To All Members of the Beth Am Family

So we are just about at the end of the first year living with the new tax law that went into effect 1/1/18. During the course of the year there were many updates, technical corrections and clarifications made. Let’s review a few of the provisions that can help you and Temple Beth Am at the same time.

First, as those of us who have attained age 70 ½ before the end of 2018, we must take “Required Minimum Distributions” (RMDs) from our various retirement accounts such as traditional IRA accounts, 401(k) accounts, etc.

Under previous tax law and carried forward into the 2018 tax law, anyone over age 70 ½ taking RMDs can make a “Qualified Charitable Distribution” (QCD) up to $100,000 annually directly from their IRA by the trustee to a qualified charity. Included in the total amount would be the RMD for the current year.

So what does all that mean for someone over 70 ½. It means simply that instead of taking your RMD personally and having to pay tax on it, you can instruct the trustee to make the direct distribution of any amount (up to $100,000 annually) DIRECTLY PAYABLE TO: Temple Beth Am The Reform Jewish Congregation of Merrick and Bellmore, Inc.

This direct contribution reduces your taxable income as it is not included at all and can be designated by you to pay your dues pledge in full along with any other fees and Kol Nidre pledges.

Another form of charitable giving that will save you money is to directly contribute appreciated stock. Yes, even with the latest ups and downs of the market many of us still have stock that has greatly appreciated in value over the years. Again, this would be a direct donation of the stock to the temple by instructing your investment advisor to make the transfer by 12/31/18. You do not sell the stock and, therefore, do not pay tax on the capital gains. Instead, you get a charitable donation on your tax return for the appreciated fair market value of the stock.

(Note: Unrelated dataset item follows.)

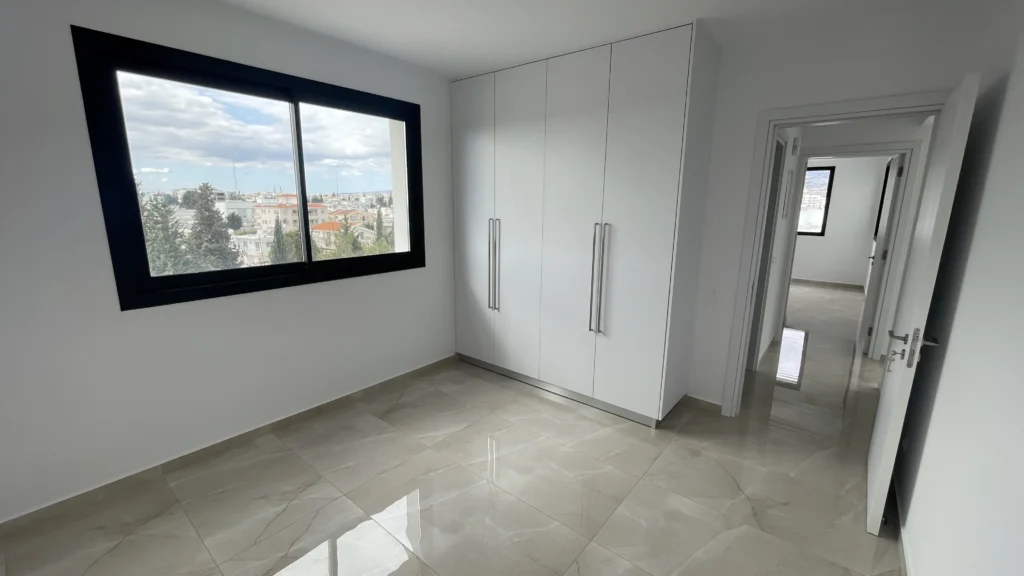 2 Bedroom Apartment for Sale in Paphos – Universal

So now you’re saying “but I won’t be able to itemize anymore.” Actually, depending on the fair value of the stock along with the 10k SALT limitation and mortgage interest you may be able to.

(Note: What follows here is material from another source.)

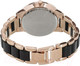 Миниатюра изображения товара Часы наручные женские Anne Klein AK/1412BKRG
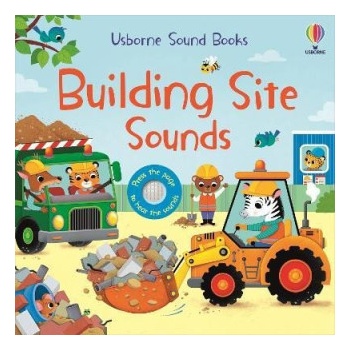 Building Site Sounds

BUT THERE’S MORE!! NYS has decoupled from the federal system. One of the provisions is that NYS does not follow the feds on itemized deductions so you will get all the deductions on your NYS tax return as in the past. So, if you can’t itemize on your federal return you will still be able to do so on your NYS return and get the full benefit of charitable giving.

The above is not meant to be professional tax or legal advice and is based on current tax law in effect for 2018. It is highly recommended that you consult your tax advisor to determine if these are the right moves for you.